-By Dan Scott
Every taxpayer needs to brace themselves for the coming porkfest of the 2009 transportation budget with it’s associated earmarks. Liberals will be pushing mass transit as the PC solution to our energy problems. Please, before you, the taxpayer, are forced to fork over yet billions more dollars down the pork hole demand that Congress address the basic problems of the existing mass transit systems. The problem with mass transit in a nutshell is in most cases it is not more energy efficient than a car and those few that are, are not cost effective given the huge subsidies to compete with the automobile.
http://www.cato.org/pub_display.php?pub_id=8746
http://www.reason.org/commentaries/balaker_20070128.shtml
Enough of liberal gold plated boondoggles costing the taxpayer billions of dollars on the false premise that if you can stuff enough people in the same space you’ll use less energy and it will be cost effective. Again, very few light and heavy rail systems in the US use less energy per passenger mile than a car and those very few that do are massively subsidized to the point a car is still more cost effective. All other metro areas that use mass transit actually use more fuel to transport people than if they took a car. The reason is utilization rates vary from hour to hour during the day. Running a huge operation with empty buses and trains during off hours more than gobbles up any savings that might be achieved during rush hours. The only thing that hinders individuals from making their own energy efficient and cost effective decisions in transportation is the refusal of city planners to allow the building of parking garages, they intentionally created the lack of parking in cities to push public transportation in the misguided belief that they not the public would be making the most enlightened decisions. We call that hubris, and it’s also called creating a problem to take the credit for solving it.
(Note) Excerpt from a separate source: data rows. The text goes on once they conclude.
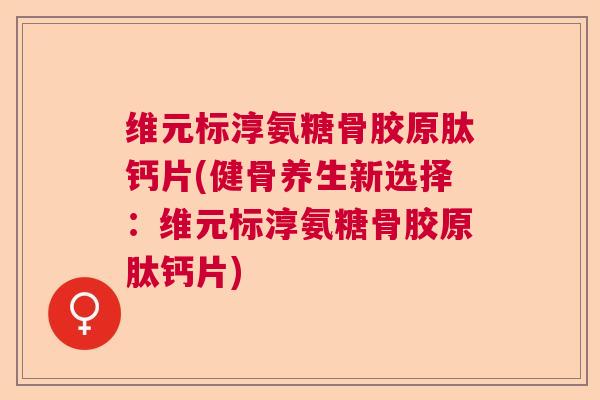 维元标淳氨糖骨胶原肽钙片(健骨养生新选择：维元标淳氨糖骨胶原肽钙片)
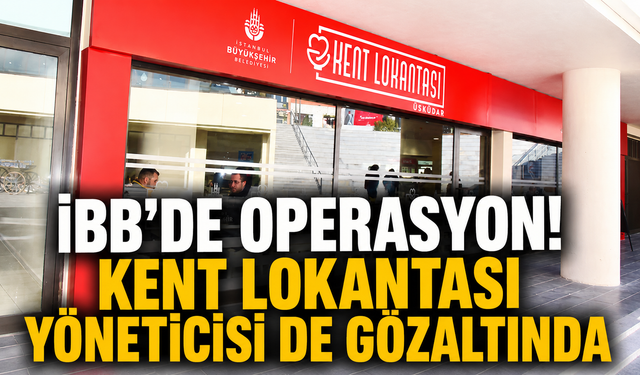 İBB’de dikkat çeken operasyon! Kent Lokantaları yöneticisi de gözaltında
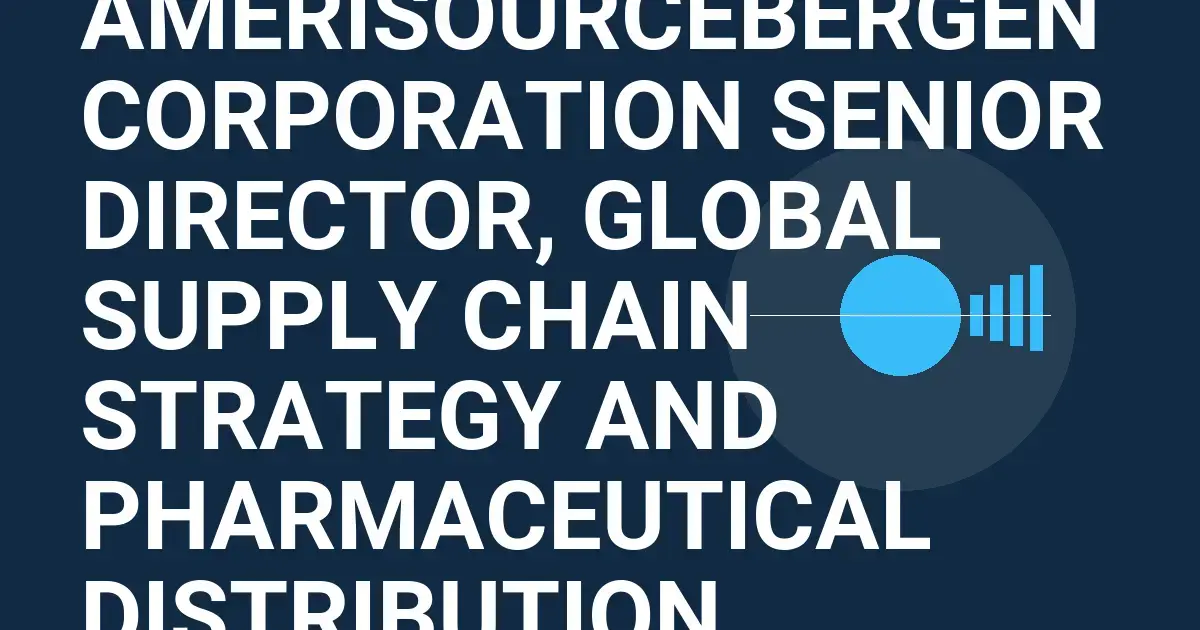 AmerisourceBergen Corporation Senior Director, Global Supply Chain Strategy and Pharmaceutical Distribution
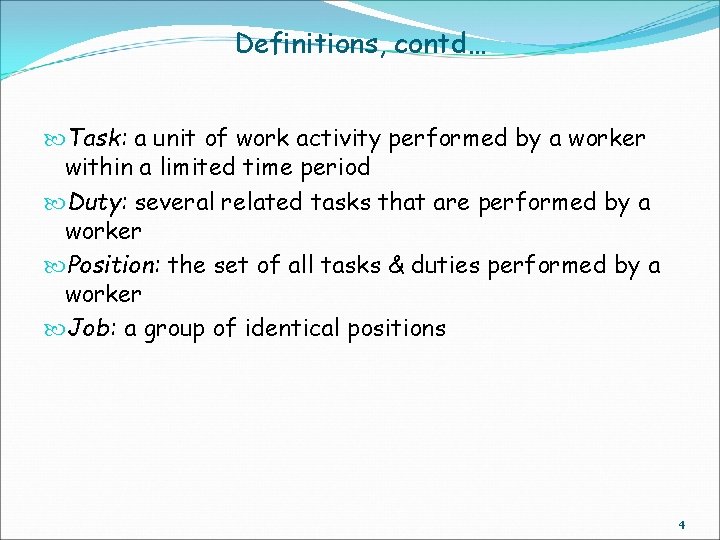 Definitions, contd… Task: a unit of work activity performed by a worker within a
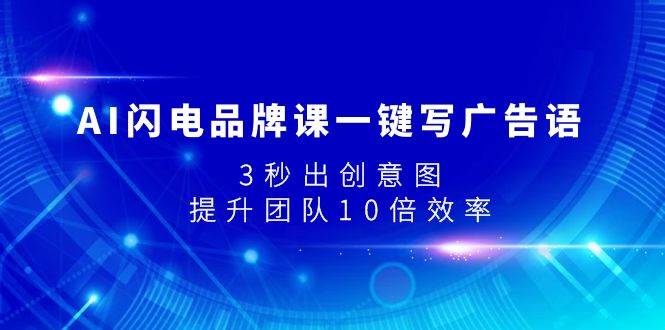 AI闪电品牌课一键写广告语，3秒出创意图，提升团队10倍效率-博学库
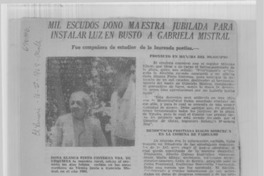 Mil escudos donó maestra jubilada para instalar luz en busto a Gabriela Mistral.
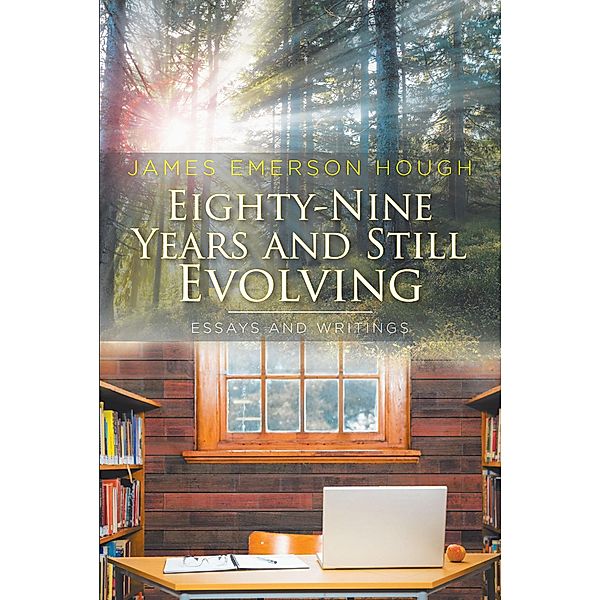 Eighty-Nine Years and Still Evolving, James Emerson Hough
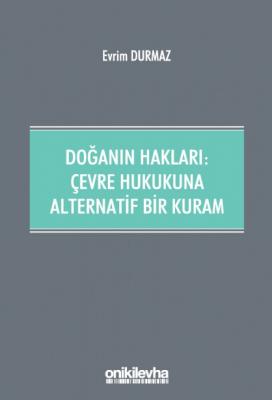 Doğanın Hakları: Çevre Hukukuna Alternatif Bir Kuram ( DURMAZ ) Evrim 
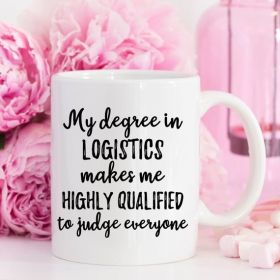 Logistics Gift, Logistics Mug, Logistics Degree, - Black Handle 11 oz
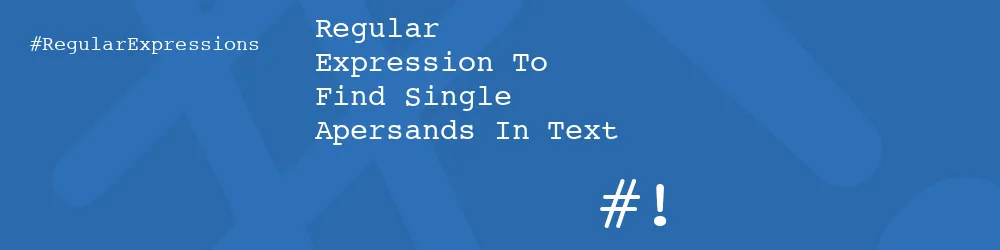 Regular Expression To Find Single Apersands In Text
Here are the only mass transit systems that actually are more efficient than a car with only one person in it:
Boston – Heavy rail 153%
Philadelphia – SEPTA Heavy rail 115%
Washington DC – Metrorail 125%
CA – BART 105%
NY – PATH Heavy rail 216%, NYC Subway 351%
http://www.hawaiireporter.com/story
A light rail system might be cost effective if “properly designed and run”, so far the record of 6 out of 48 systems (12.5%) is pretty unconvincing given that only 3 are light rail. So basically what we see here is that mass transit is an expensive public make works jobs program to increase the city employee rolls. This is the same mentality as with the public schools, and what we get is poor results for the billions of dollars we are forced to put into it. The bottom line is “efficient government” is still an oxymoron 87.5% of the time. Given these type of odds of failure why bother, isn’t the national debt high enough?
There are only three forms of transportation that are more cost effective and energy efficient than a car: Walk (some contend this form is actually more energy intensive based on energy expenditure for distance), bike or horse. Economies of scale may work for many industrial processes however, humans are not conformable to industrialization, only brain dead zombies are. Look up the origin of word “robot” or “robotnik”, hint it’s a Czech word.
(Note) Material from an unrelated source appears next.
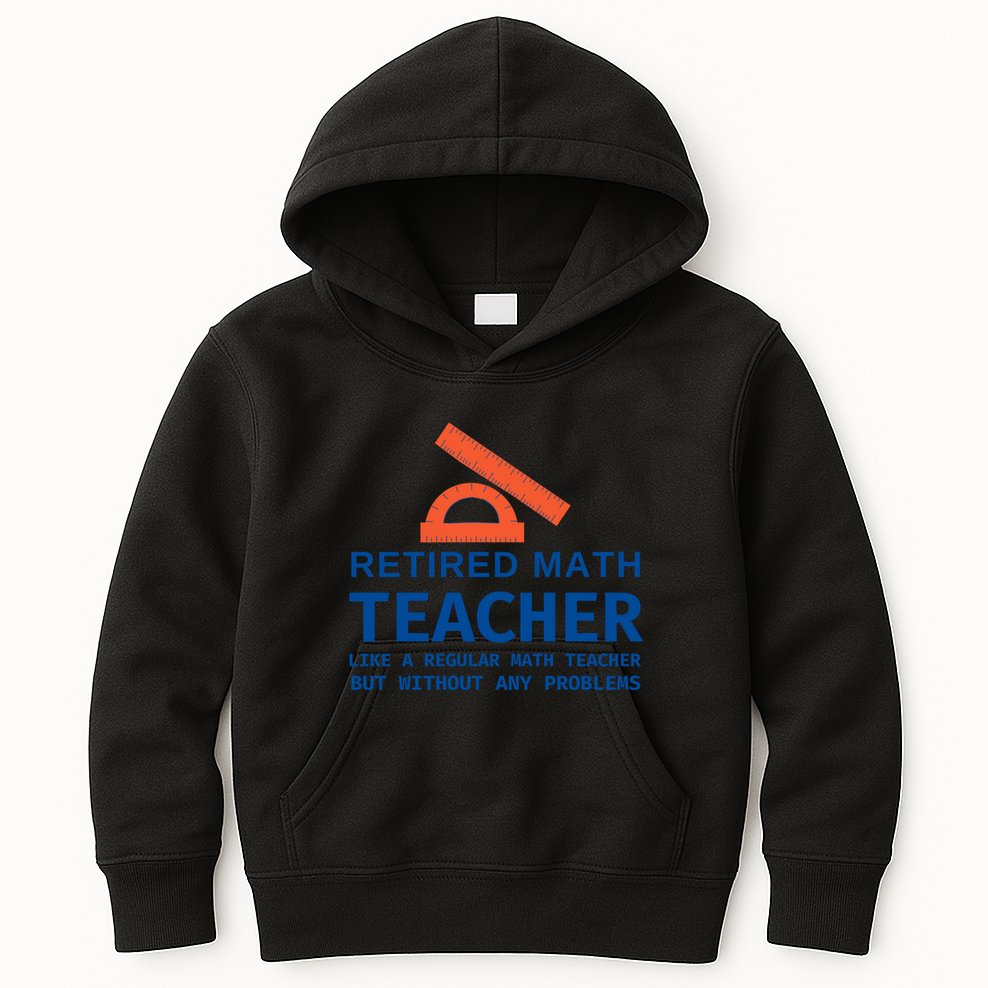 Retired Math Teacher Funny Retirement Gift Problems Kids Hoodie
There are actually four virtually zero cost practical means of significant energy savings that the public could do with no need of the government meddling in people’s affairs or fleecing the taxpayer yet again on another panacea:
1. Car pool, thus doubling the passenger mile per gallon by having one passenger in addition to the driver; only two mass transit systems in the US could ever match the passenger mile efficiency of two people in a car, both are in NY, see the list above!
2. Four day work week (4 – 10 hr days), a 20% reduction in travel miles and hence a 20% reduction in fuel cost;
3. Telecommute one or more days a week if your desk job would allow it. That’s a 20% per business day fuel savings for every day of Telecommuting. There is no reason why with the internet and phone lines you can’t remotely conduct office business, small business owners do this all the time. We might finally achieve the idea of a paperless office by shuffling computer files instead of hard copy otherwise use the fax machine.
4. Teleconferencing instead of flying to business meetings and conferences.
If you want to be better informed on the subject before you get that sales call from your local Democrat pushing their latest great idea, here is a very interesting link referencing articles talking about Mass Transit. If you are enamored with big government projects spending lots of money to accomplish the same thing as the individual does for way less money, then don’t read it.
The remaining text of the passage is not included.